Ciò che, invece, ha colpito al Lingotto è stato lo schieramento, al suo fianco, di un parterre di ministri e di tecnici che hanno restituito al Pd la solidità e pluralità che – giustamente – può rivendicare rispetto agli altri partiti. Tutti, in un modo o nell’altro, riconducibili a un padre-padrone – che si tratti di Grillo o di Salvini o del fantasma di Berlusconi – in cui si identificano e dal quale dipendono in toto. Renzi è riuscito – almeno per il momento – a sottrarsi a questa trappola, al cul-de-sac del partito personale in cui Bersani & co. hanno cercato di infilarlo e schiacciarlo. Quello che esce dal Lingotto è il leader di un partito che resiste – unico nel panorama italiano – come organizzazione strutturata sul territorio, e con una classe dirigente ben visibile ed autorevole. Certo, nessuno si illude che la forza, la marcia in più e anche la direzione di marcia non dipendano – anche oggi - dall’ex-premier. E, tra i tutti i big che hanno sfilato sul palcoscenico, il ministro Minniti è stato quello che lo ha detto fuori dai denti. Dopo la ritrovata liturgia del noi al posto dell’io, è sempre Renzi quello che farà – se potrà – la differenza. Un dato che lo stesso ex-segretario ha rivendicato nel finale, con un escamotage retorico in cui ha posto di nuovo l’io – la responsabilità individuale – al centro dell’impegno politico. Ma allargando a tutti i militanti l’invito a farsene carico, con un esplicito richiamo a farsi avanti, a proporsi come nuovi leader.

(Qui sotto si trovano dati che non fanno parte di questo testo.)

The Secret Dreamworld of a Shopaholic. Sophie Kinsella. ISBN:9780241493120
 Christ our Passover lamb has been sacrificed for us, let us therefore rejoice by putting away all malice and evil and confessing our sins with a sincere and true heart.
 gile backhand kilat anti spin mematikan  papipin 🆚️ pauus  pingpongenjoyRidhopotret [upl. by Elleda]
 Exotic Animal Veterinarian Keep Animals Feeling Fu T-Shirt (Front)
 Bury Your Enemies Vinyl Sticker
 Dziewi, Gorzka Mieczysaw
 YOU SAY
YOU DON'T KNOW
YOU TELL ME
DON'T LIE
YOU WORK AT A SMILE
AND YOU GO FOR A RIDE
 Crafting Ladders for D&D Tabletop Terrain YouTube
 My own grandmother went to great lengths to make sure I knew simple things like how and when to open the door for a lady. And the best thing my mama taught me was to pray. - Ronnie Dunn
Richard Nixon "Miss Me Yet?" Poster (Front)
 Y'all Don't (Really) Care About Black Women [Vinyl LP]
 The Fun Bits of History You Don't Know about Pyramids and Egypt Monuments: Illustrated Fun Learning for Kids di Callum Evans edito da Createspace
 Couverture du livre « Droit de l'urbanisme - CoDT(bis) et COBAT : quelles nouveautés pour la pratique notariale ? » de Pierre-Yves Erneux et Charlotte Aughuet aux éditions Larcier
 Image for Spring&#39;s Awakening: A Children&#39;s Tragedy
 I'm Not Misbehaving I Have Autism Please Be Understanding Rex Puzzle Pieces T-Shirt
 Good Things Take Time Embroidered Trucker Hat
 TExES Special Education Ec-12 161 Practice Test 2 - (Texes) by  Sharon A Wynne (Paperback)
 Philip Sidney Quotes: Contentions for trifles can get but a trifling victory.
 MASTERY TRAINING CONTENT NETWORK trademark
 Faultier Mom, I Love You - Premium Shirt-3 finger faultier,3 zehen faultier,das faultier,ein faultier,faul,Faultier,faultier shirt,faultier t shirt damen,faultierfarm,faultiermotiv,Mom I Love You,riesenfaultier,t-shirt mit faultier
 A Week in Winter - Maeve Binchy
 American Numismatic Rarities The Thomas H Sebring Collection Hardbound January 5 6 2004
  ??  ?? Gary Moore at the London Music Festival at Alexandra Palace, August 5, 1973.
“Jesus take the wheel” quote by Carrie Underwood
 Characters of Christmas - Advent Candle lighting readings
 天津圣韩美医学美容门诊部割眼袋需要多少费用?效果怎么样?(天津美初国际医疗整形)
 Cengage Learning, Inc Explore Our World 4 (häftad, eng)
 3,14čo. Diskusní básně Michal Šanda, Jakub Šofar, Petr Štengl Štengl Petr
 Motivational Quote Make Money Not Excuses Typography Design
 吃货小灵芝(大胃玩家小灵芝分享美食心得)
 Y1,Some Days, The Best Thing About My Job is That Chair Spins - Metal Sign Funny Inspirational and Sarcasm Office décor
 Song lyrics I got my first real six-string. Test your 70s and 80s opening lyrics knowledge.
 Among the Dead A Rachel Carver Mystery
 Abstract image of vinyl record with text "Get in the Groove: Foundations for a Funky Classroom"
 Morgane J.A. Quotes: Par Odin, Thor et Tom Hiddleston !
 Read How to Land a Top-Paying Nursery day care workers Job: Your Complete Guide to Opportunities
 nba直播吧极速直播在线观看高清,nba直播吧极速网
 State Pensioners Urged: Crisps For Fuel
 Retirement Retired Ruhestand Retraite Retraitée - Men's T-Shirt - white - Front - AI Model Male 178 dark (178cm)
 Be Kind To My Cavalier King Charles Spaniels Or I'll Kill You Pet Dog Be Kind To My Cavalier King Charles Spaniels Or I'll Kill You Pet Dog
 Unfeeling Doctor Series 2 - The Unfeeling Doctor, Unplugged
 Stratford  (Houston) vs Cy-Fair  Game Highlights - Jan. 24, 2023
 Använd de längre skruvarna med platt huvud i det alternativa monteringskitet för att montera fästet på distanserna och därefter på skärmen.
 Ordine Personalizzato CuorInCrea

In questo, resta netta e profonda la linea di demarcazione – culturale prima ancora che politica – con gli scissionisti della ditta, i custodi dei caminetti, del bilancino delle correnti. E della responsabilità collegiale dietro la quale, all’atto pratico, nascondere i rischi di una esposizione personale. Su questa linea, d’ombra e di svolta, Renzi è riuscito, per il momento, a trovare un compromesso convincente. Ma sarà messo alla prova non appena si dovesse passare dalla sfida per la segreteria del partito a una nuova stagione di governo. Nella fase attuale, all’ex-premier può soltanto giovare uno stile meno narcisista e delle scelte più inclusive. Il Renzi 2.0, con più community e più comunità, ha tutto da guadagnare nell’immagine e, forse, anche nel numero dei follower. Tutt’altra storia sarà se – e quando – dopo le elezioni per il rinnovo del parlamento il Pd si dovrà confrontare con lo sconquasso dell’attuale legge elettorale, che non appare modificabile nel suo impianto iperproporzionalistico.

A quel punto non si tratterà più solo di una trasformazione tattica, o comunque limitata ai rapporti col partito. Renzi dovrebbe vestire i panni di tessitore e manovratore di un governo di coalizione. In cui non ci sarebbero soltanto comprimari, come negli ultimi tre anni. Ma altri partner con un peso decisivo a fare andare avanti, o meno, l’esecutivo. Certo, si potrebbe obiettare che in Germania è già così. E che la Merkel ha per tutti questi anni gestito il suo ruolo di super-cancelliera senza che mai gli alleati Spd provassero a farle ombra. Ma l’Italia, si sa, è un altro paese. E se Renzi, come è sembrato in questi giorni, dovesse riuscire a ritrovare un po’ di vento nelle sue vele, diventerà nuovamente il bersaglio principale contro cui combattere. E non è facile prevedere in che misura sarà bravo a giocare a nascondino, invece di tornare ad alzare la cresta e mostrare il petto come il suo temperamento lo ha portato – per sciagura sua e dell’Italia – a fare nel recente passato. Sarà questo il rebus del nuovo show. Che ieri è ripartito, e di cui Renzi resta il protagonista.